**EXERCISE PROMPT**
Could you restate word for word only the lines below from the one holding "Pegatinas de estrellas" to the one holding "Black Ping Pong Paddle with Name (Side)", inclusive, and leave out the pictures?

**DATA SUPPLIED**
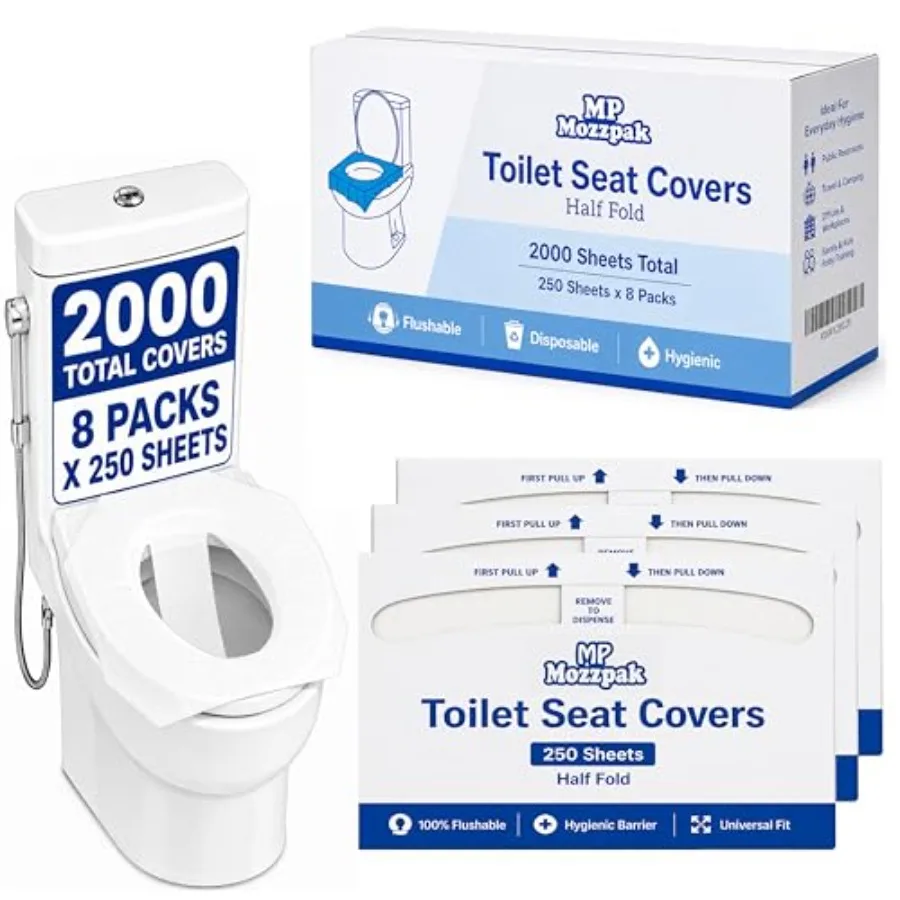 

MP MOZZPAK Toilet Seat Covers Disposable Flushable 2000 Sheets 8 Packs of 250 Flushable Half-Fold Paper Liners Hygienic Protect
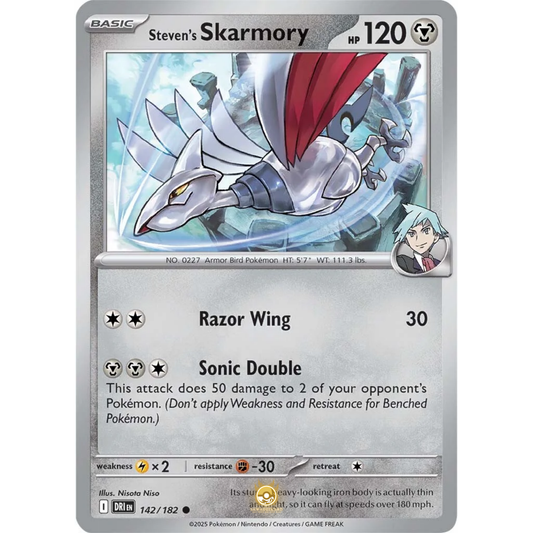[ENG] Pokemon SV10 Destined Rivals: 142/182 Steven's Skarmory [Metal] [C - Common] (Non-foil)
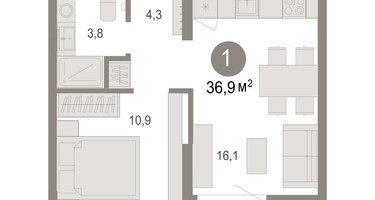 1-к. квартира, 36&nbsp;м²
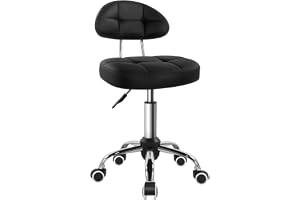 BFTOU Black Square Minimalist Swivel Stool with Wheel Perfect for Work SPA Shop Massage Height-Adjustable and Cost-Effective Rolling Stool Chair with Back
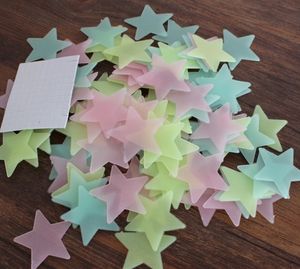 Pegatinas de estrellas que brillan en la oscuridad para pared de 3,8 CM, regalo para bebés y niños, decoración decorativa para el hogar y la habitación de los niños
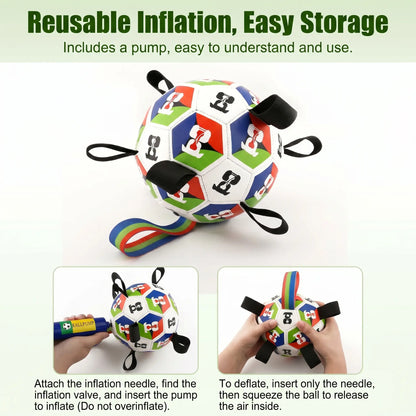 Ruffbud Anti-Destructive Interactive Herding Dog Soccer Ball Toy - 9 Nylon Tabs, Cyclic Inflation, Deflate & Pack, Packs down Small, Floating, Heavy-Duty Outdoor Boredom Buster for High-Energy Medium-Large Dogs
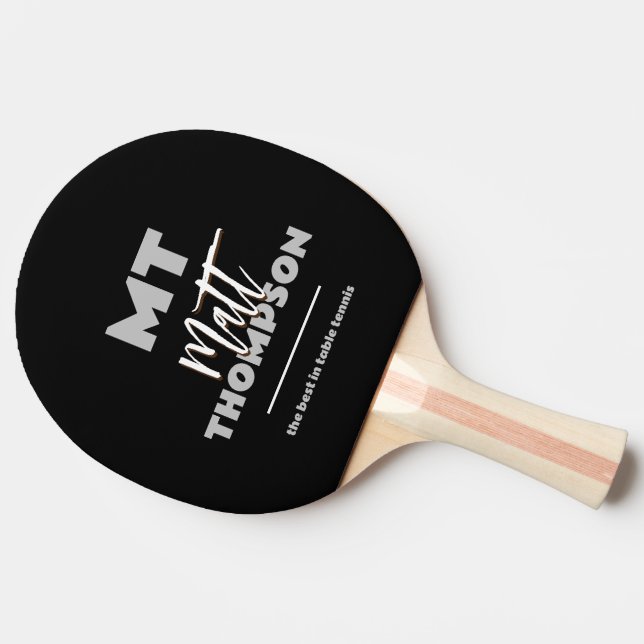 Black Ping Pong Paddle with Name (Side)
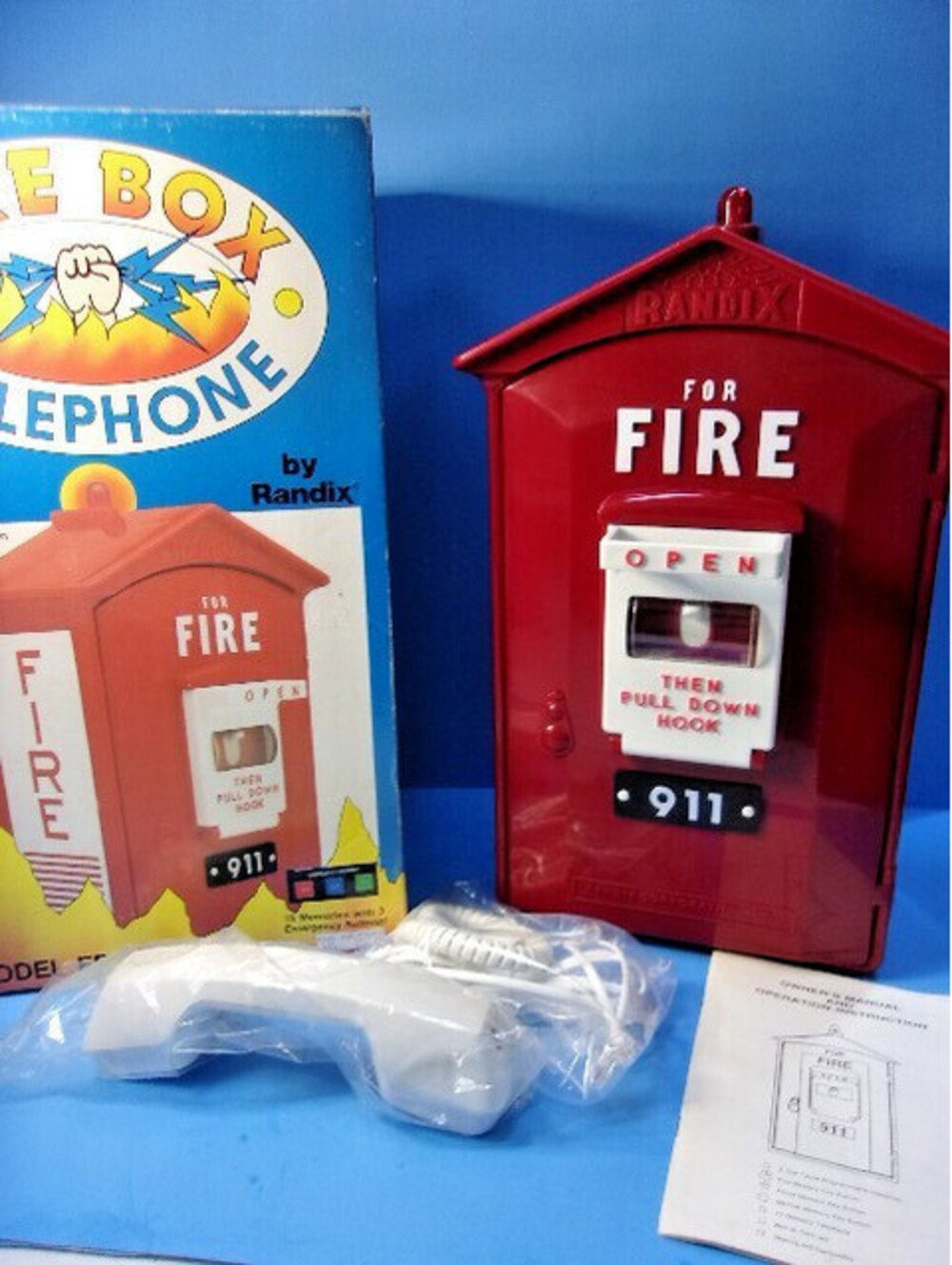 Vintage Randix Fire Box Telephone Landline Push Button Phone Novelty FB-911 IOB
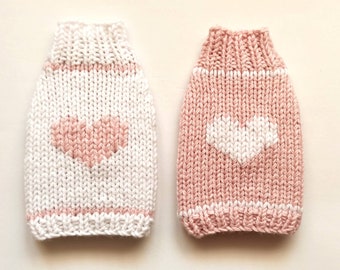 Vêtements pour petit chien - Vêtements pour chien fille - Pull pour chien coeur d'amour - Cadeau pour animal de compagnie - Manteaux pour chien - Pull en tricot pour chien - Pull pour chiot - Vêtements Yorkie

**EXERCISE SOLUTION**
 Pegatinas de estrellas que brillan en la oscuridad para pared de 3,8 CM, regalo para bebés y niños, decoración decorativa para el hogar y la habitación de los niños
 Ruffbud Anti-Destructive Interactive Herding Dog Soccer Ball Toy - 9 Nylon Tabs, Cyclic Inflation, Deflate & Pack, Packs down Small, Floating, Heavy-Duty Outdoor Boredom Buster for High-Energy Medium-Large Dogs
 Black Ping Pong Paddle with Name (Side)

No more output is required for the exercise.